### ENTRIES SUPPLIED
===
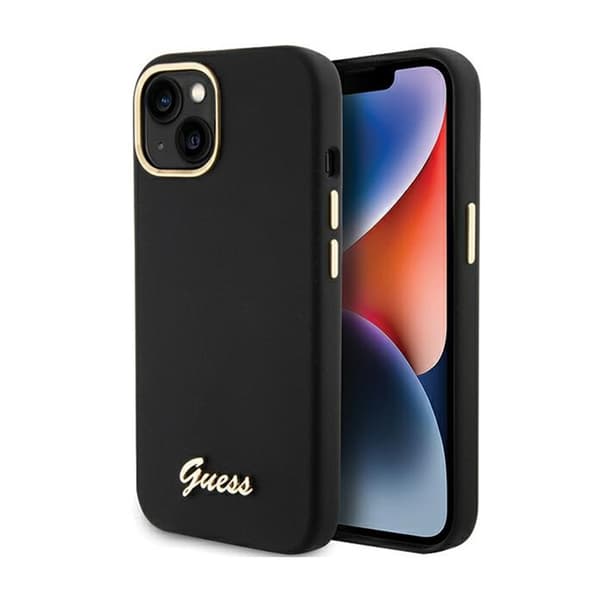 Guess Silicone Script -metallilogo ja -kehys - iPhone 15 -kotelo (musta)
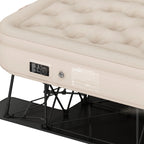 Dextrus Inflatable Queen Air Mattress With Built-In Pump, Steel Frame, Velvet Surface, Khaki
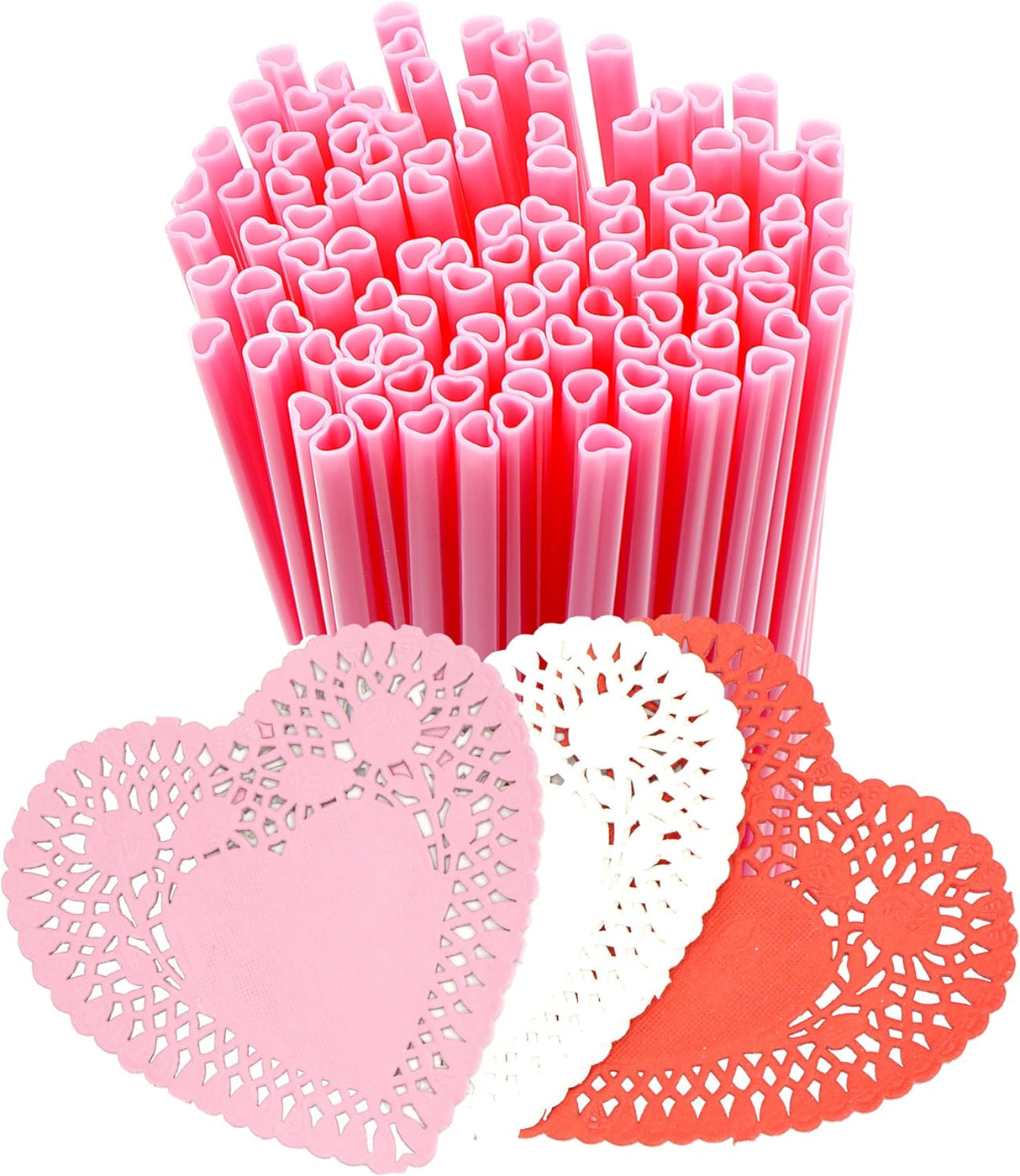 4E's Novelty 50-Pcs Pink Heart Straws & Doilies – Perfect for Valentines & Wedding Decorations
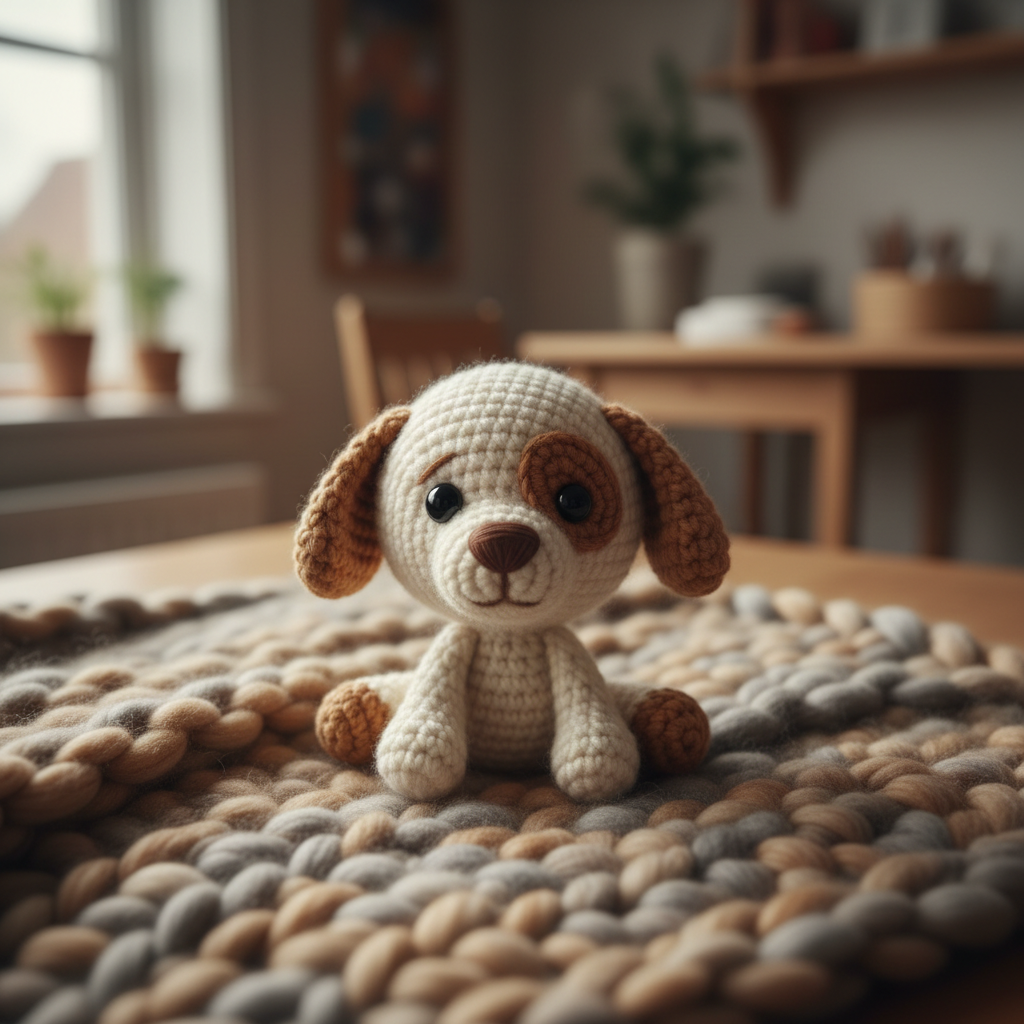 Crochet teddy dog in cream and brown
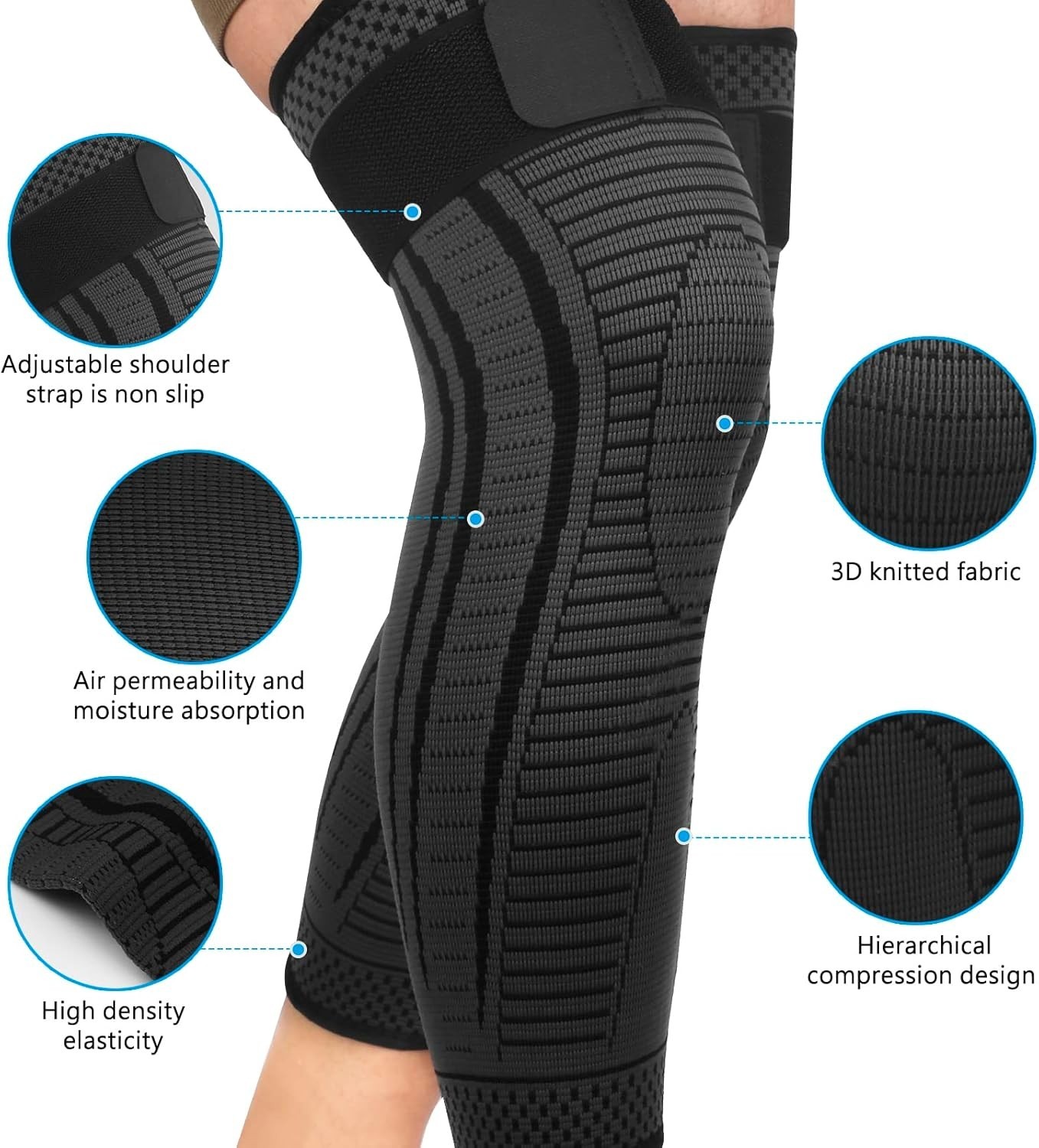 Full Leg Compression Sleeves 2 Pack Long Knee Support for Men and Women for A…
===
This task calls for the listing to be restated exactly, with images omitted.

### SOLVED EXERCISE
 Guess Silicone Script -metallilogo ja -kehys - iPhone 15 -kotelo (musta)
 Dextrus Inflatable Queen Air Mattress With Built-In Pump, Steel Frame, Velvet Surface, Khaki
 4E's Novelty 50-Pcs Pink Heart Straws & Doilies – Perfect for Valentines & Wedding Decorations
 Crochet teddy dog in cream and brown
 Full Leg Compression Sleeves 2 Pack Long Knee Support for Men and Women for A…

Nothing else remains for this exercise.